And, then, I think within the Trump administration, what I think is really critical, is that when we start thinking about income inequality, when we think about housing choices, the wins that we face in this city, and it’s cities all over the country, are exacerbated by policies that happen at the national and state level. Right? So, we talk about, you know, affordable housing in Atlanta. Well, Atlanta’s not the only city that’s got an affordability problem. We’re late to the game, you know, frankly. And, we’ve got some affordable housing, we’ve just got to figure out how to unleash it.

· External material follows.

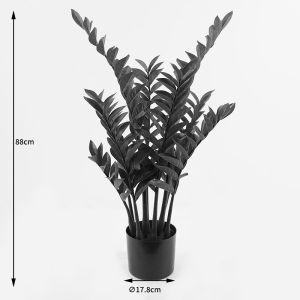 Декоративно саксийно растение Zamia зелено D52x88см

So, the next mayor has got to figure out how to do the things I said we need to do in terms of growing this city with a president that is, like, digging a hole as fast as he can. If we kick everybody off of health care, you know, we’re turning a lot of people into a very difficult, sick position. I still have to look at them as mayor, right? If somebody’s homeless or we’re not delivering Meals on Wheels to seniors who are living alone in their homes, I still got to find a way to feed them.

Cliff Albright: On the implications of Donald Trump. So, what is your perspective on how to deal with that? Because you’ve got cities whose response is to actively resist … like sanctuary cities saying, “We’re going to keep doing what we do.” And, then, you’ve got the other perspective of, you know, “Nothing I can do about what he does, but we’ll just have to figure out a way to deal with it.” So, where do you stand on that? What solution?

Woolard: So, I’ve been a lobbyist and advocate for social justice my entire career. And, I have been outside the decision-making room and I’ve been inside the decision-making room, and I’ve been at the head of the table of the decision-making room. I’ll tell you that I really like to get things done. I have learned over the years that having people work effectively on the outside’s really good. Right? You need people to raise the issue, to crystallize the issue, to bring attention to the issue, and I can do that as good as anybody. But, where I really think I’m good, is at trying to find solutions that either neutralize bad things or actively defeat bad things. And, there’s somewhat of a difference, qualitatively.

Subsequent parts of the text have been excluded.